● **THE DATA**:
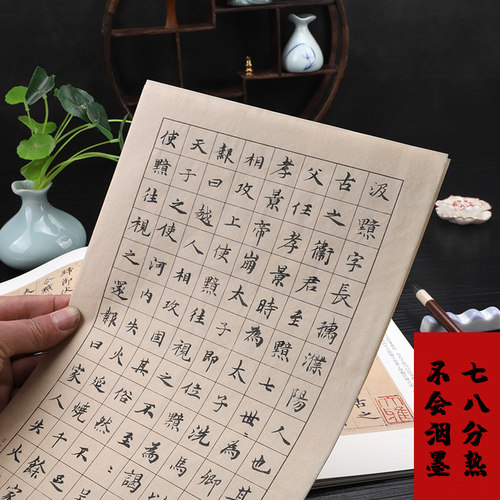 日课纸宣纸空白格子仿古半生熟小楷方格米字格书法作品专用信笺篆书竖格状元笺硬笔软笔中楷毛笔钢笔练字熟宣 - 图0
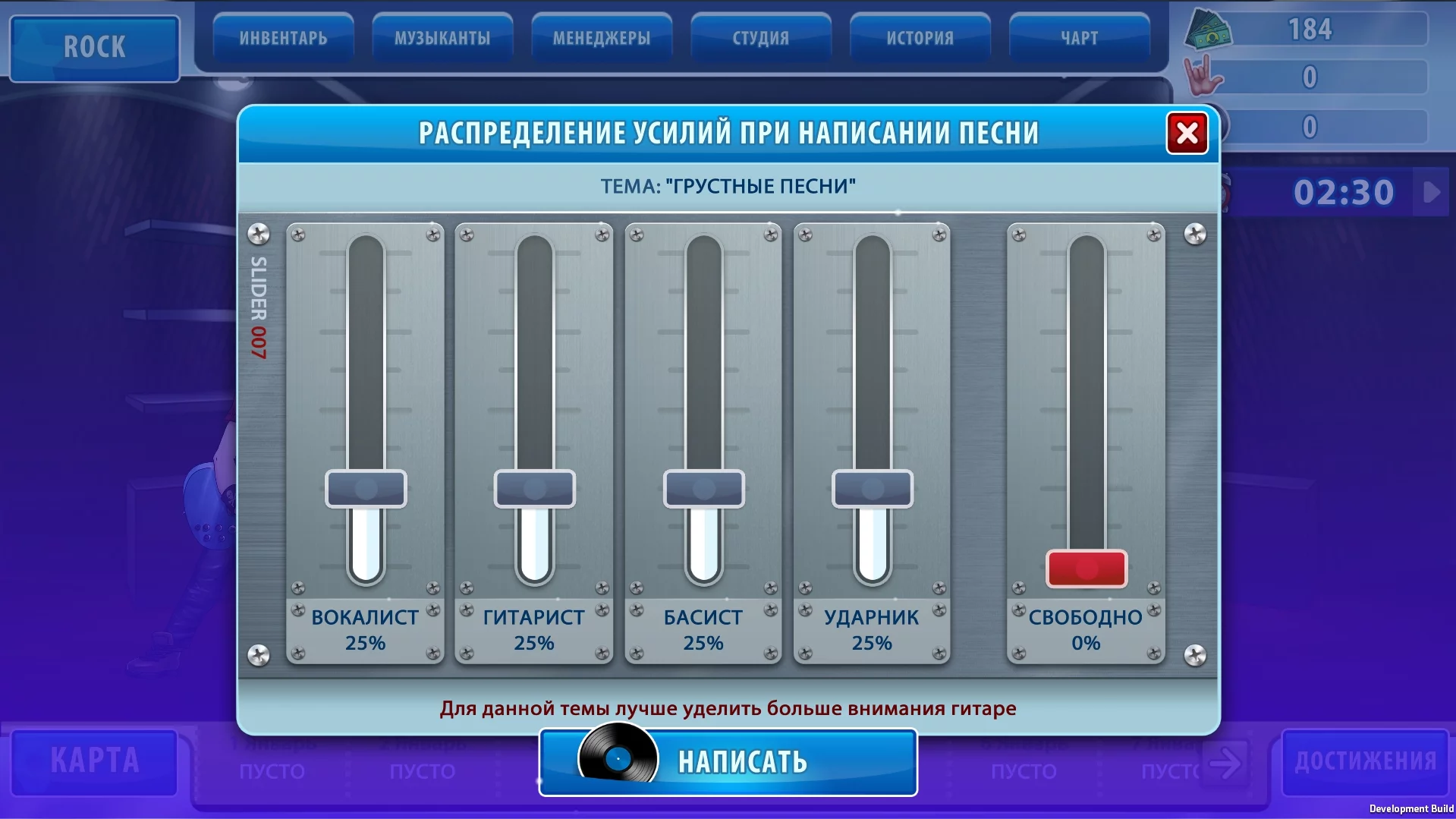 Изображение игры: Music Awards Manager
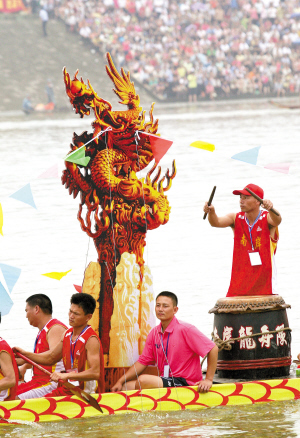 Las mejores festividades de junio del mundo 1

● **EXERCISE**: Give the data again exactly as it appears, but without any images.

● **RESPONSE TO THIS EXERCISE**:
 日课纸宣纸空白格子仿古半生熟小楷方格米字格书法作品专用信笺篆书竖格状元笺硬笔软笔中楷毛笔钢笔练字熟宣 - 图0
 Изображение игры: Music Awards Manager
 Las mejores festividades de junio del mundo 1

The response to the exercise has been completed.